Por que "Cambriana"?
O motivo principal foi porque a palavra em si soa bonita, independente do significado. E ela parece bonita quando escrita em algum lugar. Mas o significado é interessante também: o período Cambriana foi quando a vida "explodiu" e se diversificou na Terra. Essa ideia de diversificação sem querer querendo se encaixou com a estética do álbum, que tem uma variação bizarra de estilos.

As letras da banda abordam aspectos da vida que são passíveis de identificação por grande parte do público, mas o fato de serem em inglês pode acabar deixando-as em segundo plano. Qual o motivo de escolherem o idioma? 
Foi basicamente costume. Eu sempre ouvi músicas internacionais mais do que nacionais e essas músicas internacionais costumavam ser em inglês. Quando tento cantar em português, não soa natural, eu me sinto meio idiota. E sobre as letras: me importo com elas, mas acho que o principal são as melodias, ritmos e texturas. Dá pra aproveitar o disco sem saber exatamente o que eu tô dizendo.

O CD de estreia da banda foi gravado em estúdios caseiros, certo? De onde vem o conhecimento para fazer as gravações? Rola de mandar uma foto de onde gravaram?
Nós gravamos vocais e instrumentos acústicos em estúdio, todo o resto foi feito em casa. O Israel, guitarrista da banda, já tinha experiência com estúdio e gravação, então ele orientou a banda em certos pontos. Mas boa parte do produto final foi alcançado na base de "errar e tentar de novo" até achar a solução, o que é relativamente tranquilo se você não está se preocupando com o relógio do estúdio.

Alguns dos membros já haviam tocado juntos anteriormente, não é? Quando e em qual banda isso aconteceu e por que ela terminou?
Eu, Israel e o Rafael já tocamos juntos fazendo covers de bandas que nós gostamos - acabou porque percebemos que ficar tocando só covers não tem a menor graça. O Israel já teve outras bandas, como a Fibra, de Brasília. O nosso tecladista, Wassily, também toca com o Diego de Moraes. Pedro, o baixista, e Heloísa, nossa atual baterista, têm um projeto juntos, o Fantoches Anônimos, que já tem uma certa história.

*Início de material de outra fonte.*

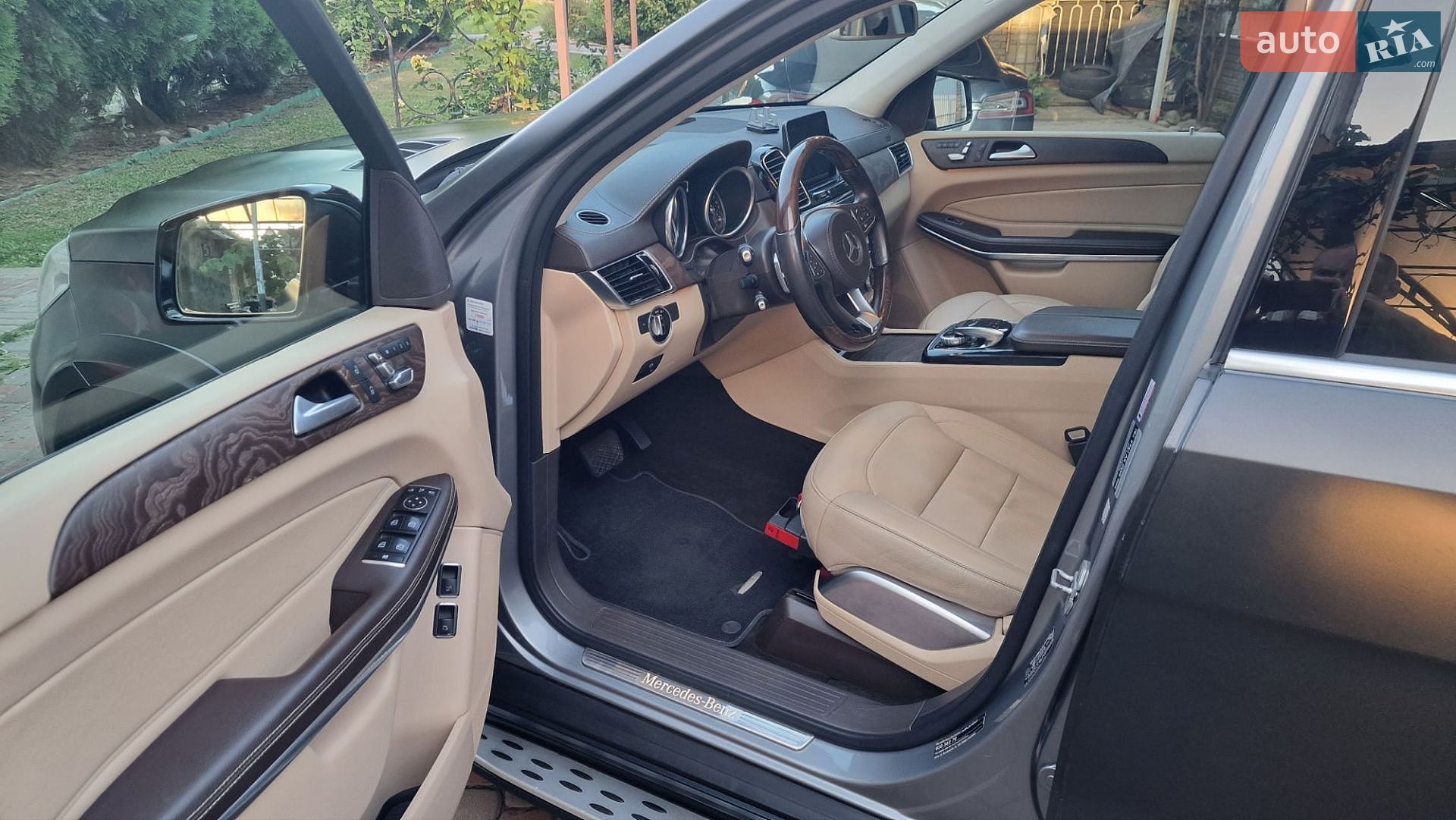 Mercedes-Benz GLS-Class 2016 VIN WDCDF7DEXGA719947 фото оголошення 19 з 87
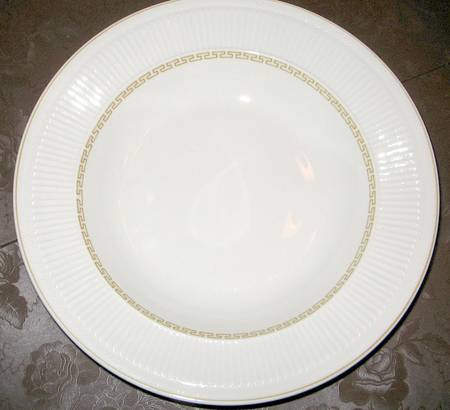 Buckingham Large Rim Soup Bowl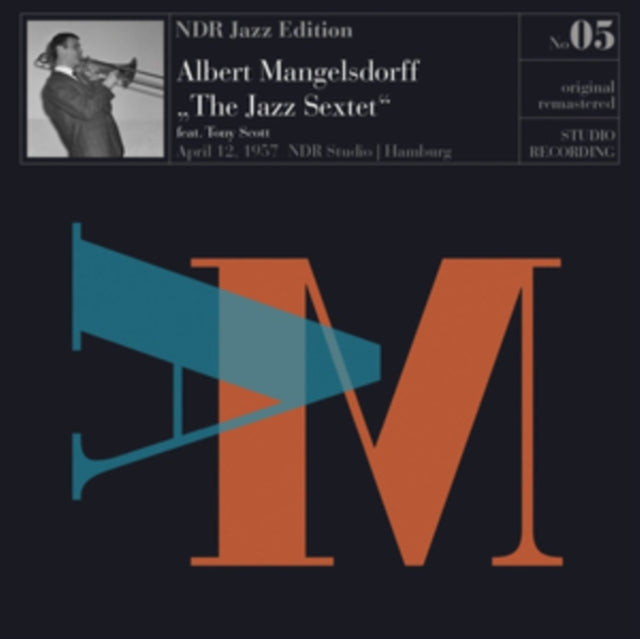 MANGELSDORFF, ALBERT | JAZZ SEXTET | VINYL RECORD (LP)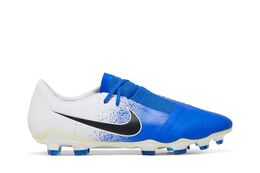 Nike Кроссовки Phantom Venom Pro FG 'White Racer Blue', синий ao8738 104 | white racer blue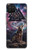 S4110 Mystic Wolf Ancient Symbol Artwork Case For Samsung Galaxy A12
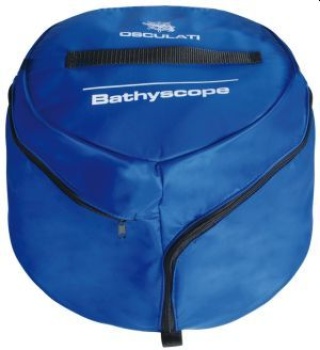 Gepolsterte Tasche für Unterwassersichtgerät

Goiânia é uma cidade que na cena alternativa está fortemente ligada ao rock'n'roll mais tradicional e pesado, grande parte devido ao trabalho da Monstro Discos. Como é a receptividade do público e mídia local para sons mais indie e introspectivos?
A recepção tem sido muito boa, justamente porque Goiânia não é tão forte nesse tipo de som. Eu acho que o público daqui valoriza variedade e novidade, não procuram só o estilo prevalecente na região. Tá todo mundo apoiando bastante o nosso projeto, inclusive essas bandas mais pesadas.

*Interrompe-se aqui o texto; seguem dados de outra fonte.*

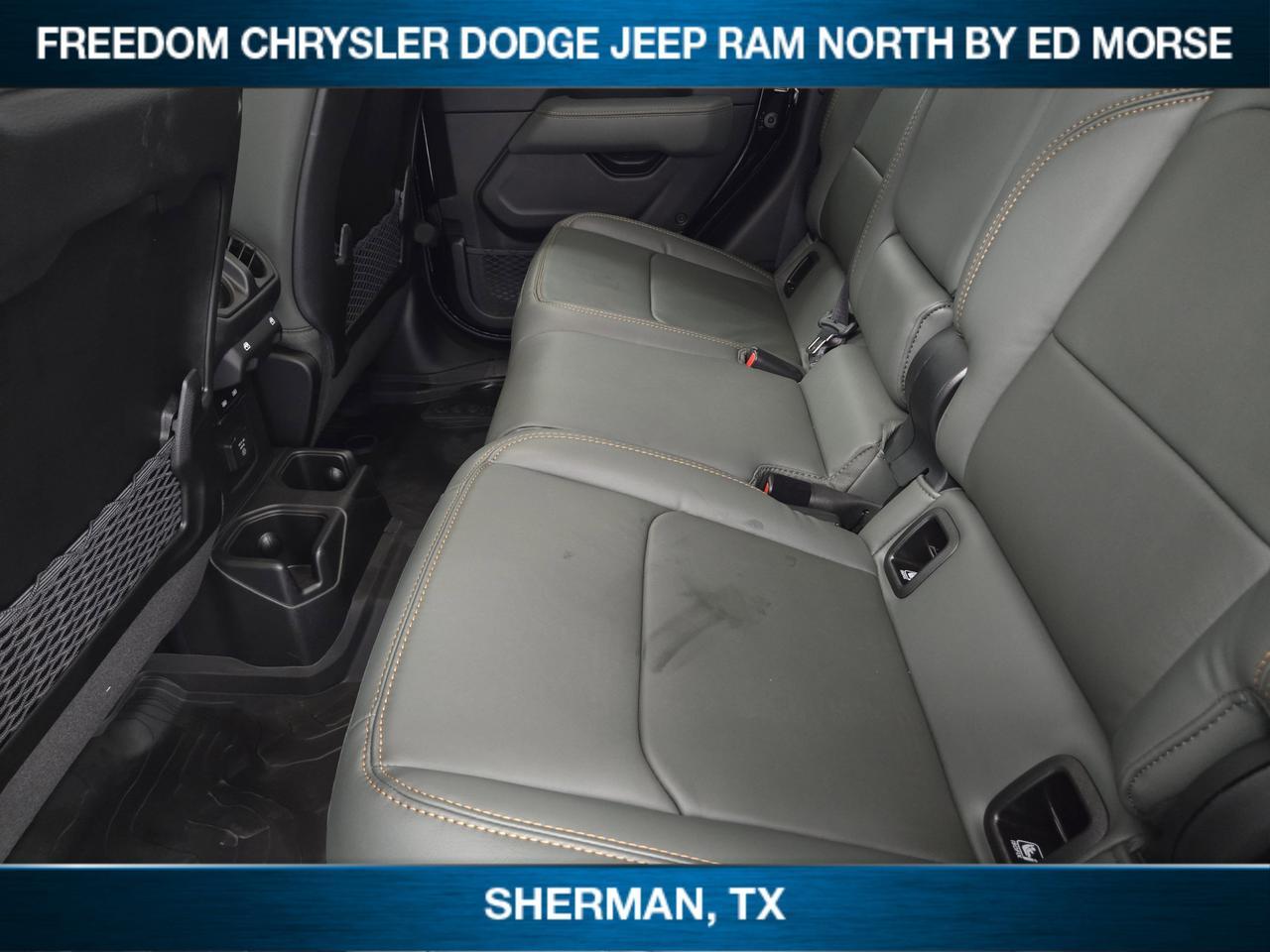 2025 Jeep Gladiator Mojave X Sherman TX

A Cambriana me parece uma banda própria do momento em que vivemos, esse esquema do it yourself digital viabilizado pelo avanço tecnológico e que se espalha rapidamente através das redes. Como (ao menos alguns de vocês) já tiveram bandas antes, como vocês comparam o atual momento da música independente brasileira com o que presenciavam antes? 
Ninguém sente nostalgia pela época de juntar dinheiro pra gravar uma demo mal feita (ou vender o carro pra gravar algo pra valer), enviar material pra selos e gravadoras e revistas, implorar pra tocar em algum fundo de quintal, e ficar sentado esperando algo acontecer. Tudo melhorou. Ninguém ganha mais cheques astronômicos de gravadoras, mas até isso é positivo, porque não se entra mais no ramo esperando ficar milionário. Vira algo mais honesto.

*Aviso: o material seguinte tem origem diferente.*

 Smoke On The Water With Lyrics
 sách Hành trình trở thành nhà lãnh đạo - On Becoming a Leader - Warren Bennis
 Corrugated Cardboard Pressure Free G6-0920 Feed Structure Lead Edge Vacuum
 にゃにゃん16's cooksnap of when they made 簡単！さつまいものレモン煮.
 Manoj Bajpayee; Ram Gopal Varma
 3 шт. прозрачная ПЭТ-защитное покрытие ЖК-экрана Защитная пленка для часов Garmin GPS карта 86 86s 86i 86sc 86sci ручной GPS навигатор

Atualmente grande parte das bandas independentes coloca suas músicas gratuitamente na internet, mas poucas são adeptas do Creative Commons. Por que utilizaram esse tipo de licença? 
Já que o disco seria distribuído de graça, fez sentido usar uma licença que libera a distribuição das músicas, mas que também cria algumas restrições. Ela garante que as músicas não vão ser usadas para fins comerciais, por exemplo. 

Até o momento os lançamentos de vocês são exclusivamente digitais? Pretendem lançar algo no formato físico? 
Pretendemos lançar o CD do House of Tolerance em breve e vender por um preço camarada pra quem gosta de ter o álbum fisicamente. Olhamos também a possibilidade de fazer vinis, mas não sei se será economicamente viável.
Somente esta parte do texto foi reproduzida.